2020-03-17T16:51:11.365Z cpu0:2098644)WARNING: NFS: 337: Lost connection to the server 192.168.141.12 mount point /volume1/datastore, mounted as cbac65d1-3f9fe9c5-0000-000000000000 ("Syno_backup")
2020-03-17T16:51:11.365Z cpu0:2098644)WARNING: NFS: 337: Lost connection to the server 192.168.141.6 mount point /volume1/datastore, mounted as 25a6dc8f-63bfb2da-0000-000000000000 ("Syno")
2020-03-17T16:51:11.366Z: [vmfsCorrelator] 841914822913us: [vob.vmfs.nfs.server.disconnect] Lost connection to the server 192.168.141.12 mount point /volume1/datastore, mounted as cbac65d1-3f9fe9c5-0000-000000000000 ("Syno_backup")
2020-03-17T16:51:11.366Z: [vmfsCorrelator] 841916240720us: [esx.problem.vmfs.nfs.server.disconnect] 192.168.141.12 /volume1/datastore cbac65d1-3f9fe9c5-0000-000000000000 Syno_backup
2020-03-17T16:51:11.366Z: [vmfsCorrelator] 841914823025us: [vob.vmfs.nfs.server.disconnect] Lost connection to the server 192.168.141.6 mount point /volume1/datastore, mounted as 25a6dc8f-63bfb2da-0000-000000000000 ("Syno")
They gave me a VMWare KB : https://kb.vmware.com/s/article/2016122
I applied the patch command for all ESXi : esxcfg-advcfg -s 64 /NFS/MaxQueueDepth
But it doesn't fix the issue, it's just a workarround which did the job for a while, but when the system needs a big storage bandswith like backup or restoration process, it crashs again.
I have no firewall between servers and storages and no active firewall under Windows vCenter server.
3 dedicated nics for the vmkernel_storage on each ESXi and 3 dedicated nics for the NFS communication on each NAS, all devices with the basic MTU 1500.
If I use MTU 9000 for all devices, it worses because I can't open the NFS datastores from ESXi any more.
I use the same settings for another VMWare installation with 3 HPE Proliant Gen10 under 6.5up2 HPE custom and 2 Synology NAS as NFSv3 shared storages, but without Synology NFS plugin. It's a great powerfull cluster without any trouble.
I also use the same settings for an old VMWare 5.0 and 4.0 installation because I had to much trouble with poor ISCSI connexion with Synology NAS.

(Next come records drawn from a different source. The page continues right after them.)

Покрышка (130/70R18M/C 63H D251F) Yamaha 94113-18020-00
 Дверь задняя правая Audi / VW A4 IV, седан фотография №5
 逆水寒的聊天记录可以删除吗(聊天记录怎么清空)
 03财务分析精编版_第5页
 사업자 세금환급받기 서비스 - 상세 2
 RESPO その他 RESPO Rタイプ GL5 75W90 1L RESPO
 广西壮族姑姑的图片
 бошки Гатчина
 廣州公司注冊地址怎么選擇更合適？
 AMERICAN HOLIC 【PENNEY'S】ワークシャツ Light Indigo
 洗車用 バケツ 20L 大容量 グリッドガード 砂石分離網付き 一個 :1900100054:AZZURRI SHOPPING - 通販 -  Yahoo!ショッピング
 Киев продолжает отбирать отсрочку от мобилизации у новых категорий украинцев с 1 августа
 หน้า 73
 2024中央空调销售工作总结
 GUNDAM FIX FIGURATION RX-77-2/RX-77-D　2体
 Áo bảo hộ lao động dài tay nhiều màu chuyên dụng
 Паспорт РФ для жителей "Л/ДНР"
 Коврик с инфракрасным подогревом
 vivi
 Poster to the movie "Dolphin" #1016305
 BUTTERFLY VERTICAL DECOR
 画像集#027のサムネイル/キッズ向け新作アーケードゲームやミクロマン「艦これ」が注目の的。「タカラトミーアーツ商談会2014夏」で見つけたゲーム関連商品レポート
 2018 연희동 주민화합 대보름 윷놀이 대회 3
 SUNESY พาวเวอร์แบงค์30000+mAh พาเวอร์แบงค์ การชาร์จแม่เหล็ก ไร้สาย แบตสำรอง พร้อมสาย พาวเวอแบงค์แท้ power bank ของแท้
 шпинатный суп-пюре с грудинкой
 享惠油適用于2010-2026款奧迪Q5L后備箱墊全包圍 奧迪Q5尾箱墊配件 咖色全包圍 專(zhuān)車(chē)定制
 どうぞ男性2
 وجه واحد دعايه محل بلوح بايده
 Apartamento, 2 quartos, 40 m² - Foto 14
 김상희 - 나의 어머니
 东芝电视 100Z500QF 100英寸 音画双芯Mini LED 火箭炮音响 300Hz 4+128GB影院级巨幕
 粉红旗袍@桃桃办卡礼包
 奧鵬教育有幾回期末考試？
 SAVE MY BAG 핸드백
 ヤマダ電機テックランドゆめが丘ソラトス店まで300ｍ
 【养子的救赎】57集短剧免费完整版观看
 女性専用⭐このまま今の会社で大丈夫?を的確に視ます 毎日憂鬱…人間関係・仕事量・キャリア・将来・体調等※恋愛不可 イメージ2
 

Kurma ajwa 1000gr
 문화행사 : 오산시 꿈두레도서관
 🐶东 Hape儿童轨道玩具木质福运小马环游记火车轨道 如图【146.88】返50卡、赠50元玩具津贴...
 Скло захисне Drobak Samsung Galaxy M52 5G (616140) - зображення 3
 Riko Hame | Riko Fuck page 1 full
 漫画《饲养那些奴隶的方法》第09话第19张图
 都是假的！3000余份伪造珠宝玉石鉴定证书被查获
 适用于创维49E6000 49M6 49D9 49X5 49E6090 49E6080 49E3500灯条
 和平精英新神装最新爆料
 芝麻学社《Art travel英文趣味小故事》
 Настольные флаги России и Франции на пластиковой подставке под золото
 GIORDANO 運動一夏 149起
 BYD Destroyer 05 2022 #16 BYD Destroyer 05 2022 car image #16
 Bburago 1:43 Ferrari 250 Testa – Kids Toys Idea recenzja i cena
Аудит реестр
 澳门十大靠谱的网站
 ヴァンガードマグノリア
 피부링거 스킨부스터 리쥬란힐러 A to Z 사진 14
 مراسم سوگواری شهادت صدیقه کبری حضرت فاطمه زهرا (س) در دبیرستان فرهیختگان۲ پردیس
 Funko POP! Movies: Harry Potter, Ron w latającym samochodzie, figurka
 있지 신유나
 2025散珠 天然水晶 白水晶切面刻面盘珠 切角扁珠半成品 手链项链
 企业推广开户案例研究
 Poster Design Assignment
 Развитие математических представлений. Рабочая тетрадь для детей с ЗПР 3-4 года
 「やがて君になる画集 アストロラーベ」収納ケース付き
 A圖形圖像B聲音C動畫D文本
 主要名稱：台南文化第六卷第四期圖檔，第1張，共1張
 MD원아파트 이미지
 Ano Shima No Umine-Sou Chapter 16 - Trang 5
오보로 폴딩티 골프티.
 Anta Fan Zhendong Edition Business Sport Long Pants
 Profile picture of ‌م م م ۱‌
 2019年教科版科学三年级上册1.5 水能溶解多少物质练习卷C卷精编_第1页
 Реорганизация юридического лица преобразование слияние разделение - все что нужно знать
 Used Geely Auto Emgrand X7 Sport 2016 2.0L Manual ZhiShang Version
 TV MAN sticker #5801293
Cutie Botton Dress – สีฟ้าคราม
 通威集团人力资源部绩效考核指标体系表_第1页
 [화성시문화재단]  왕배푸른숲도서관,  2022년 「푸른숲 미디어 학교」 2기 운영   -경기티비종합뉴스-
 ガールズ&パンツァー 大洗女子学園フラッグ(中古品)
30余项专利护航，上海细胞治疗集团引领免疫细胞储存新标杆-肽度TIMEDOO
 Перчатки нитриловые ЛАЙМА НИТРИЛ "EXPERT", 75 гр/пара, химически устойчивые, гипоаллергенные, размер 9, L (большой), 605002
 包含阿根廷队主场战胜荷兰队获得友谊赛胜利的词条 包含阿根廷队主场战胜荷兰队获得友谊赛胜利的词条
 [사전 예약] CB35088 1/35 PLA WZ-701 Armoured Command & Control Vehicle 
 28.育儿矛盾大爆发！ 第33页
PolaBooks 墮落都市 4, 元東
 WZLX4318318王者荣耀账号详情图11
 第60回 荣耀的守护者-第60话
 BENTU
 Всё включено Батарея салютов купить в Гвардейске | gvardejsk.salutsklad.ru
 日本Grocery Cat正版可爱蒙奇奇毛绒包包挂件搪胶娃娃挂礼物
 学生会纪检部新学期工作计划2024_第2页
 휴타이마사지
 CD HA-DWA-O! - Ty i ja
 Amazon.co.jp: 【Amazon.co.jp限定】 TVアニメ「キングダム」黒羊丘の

Synology developer had checked the VMWare KB articles, and to their expertise and judgement, this issue is more about ESXi side rather than NAS side based on below conditions:
1. From the workaround: Lower the MaxQueueDepth of the NFS connection, is to lower the density of an ESXi client sending I/O request, which means the variable factor is on ESXi.
2. From the NAS kernel log, they didn't see some hung task call trace, but only illegal port error messages, which seems the problem is more related to ESXi side.
3. The NFS plugin is designed to improve the copy/clone speed.
For them, the differences are not only on the NFS plugin but also ESXi version, they can't firmly judge the issue is derived from the NFS plugin, but based on the above conditions, they would think the problem is more likely derived from VMware ESXi.
I asked them to give me the way to uninstall the plugin if needed and wait their reply.
Thanks for your help if anybody already had the same bad experience.